Division is a real-world skill, so it's important for your child to develop the ability to divide numbers correctly. To begin, your child needs to understand how the mathematical operations of division and multiplication relate to each other. If he or she is struggling, introduce division at home through multiplication. For instance, instead of writing a problem like this: 12 ÷ 4 = 3, write it like this: 4 x ? = 12.

Division Puzzle

Use the front of an empty cereal box to create division puzzles for your child. Begin by cutting the front cover into random pieces that will fit together as a puzzle. On the back of one puzzle piece, write a division problem. On its adjoining piece, write the answer. Your child can then use division to put the puzzle together.

Painting Math

Before beginning this activity with your child, model various division problems using paint and paper. For example, the problem 22 ÷ 5 would be represented by painting four rows of five circles and one row of two circles on the paper. The two 'extra' paint circles would be the remainder for this problem. Ask your child to write out the equation based on your drawing. In this case, it would be 22 ÷ 5 = 4 R2. This approach will help your child if he or she is artistic or a visual learner.
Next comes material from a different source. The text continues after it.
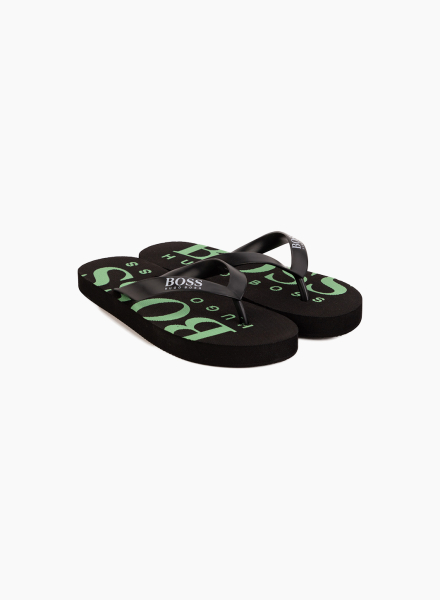 Flip flops with a logo on a sole
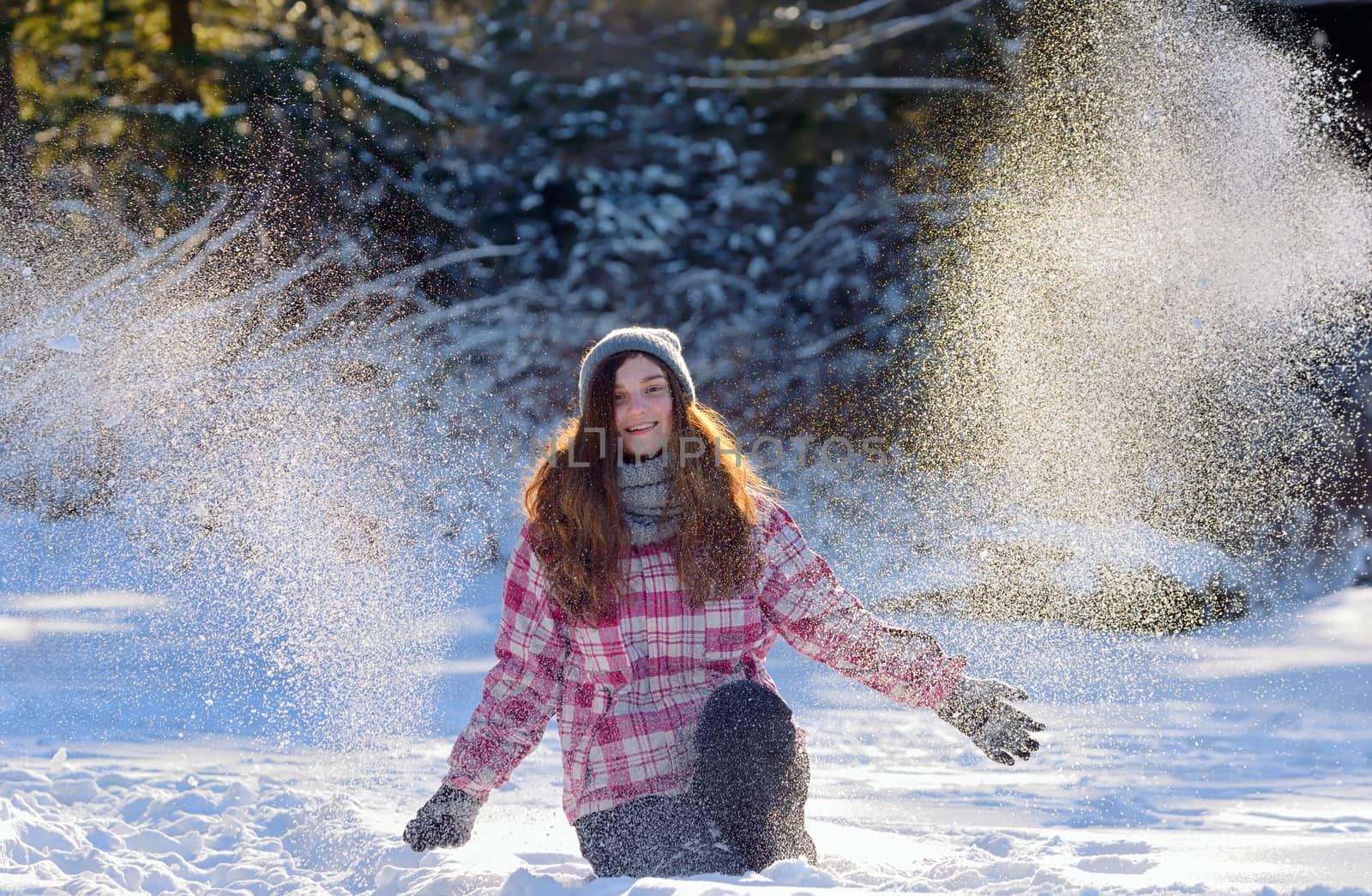 teen girl playing in snow in winter time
Switch roles and give a division problem to your child so he or she can paint it. If your child struggles with problems that have remainders, include a few easier problems to boost his or her confidence. Easier problems may include 30 ÷ 5 or 16 ÷ 8.

Cookie Fun

Spend some time baking cookies with your child and incorporate a little division practice as well. Have your child evenly divide the cookies into treat bags for family members. Before beginning the division process, decide how many cookies will be going into each bag. Your child will also need to know the total number of cookies and how many family members will receive a treat bag.

After evenly dividing the cookies, ask your child to demonstrate the process in a written format. If there were five family members and 16 cookies total, then the equation would look like this: 16 ÷ 5 = 3 R1.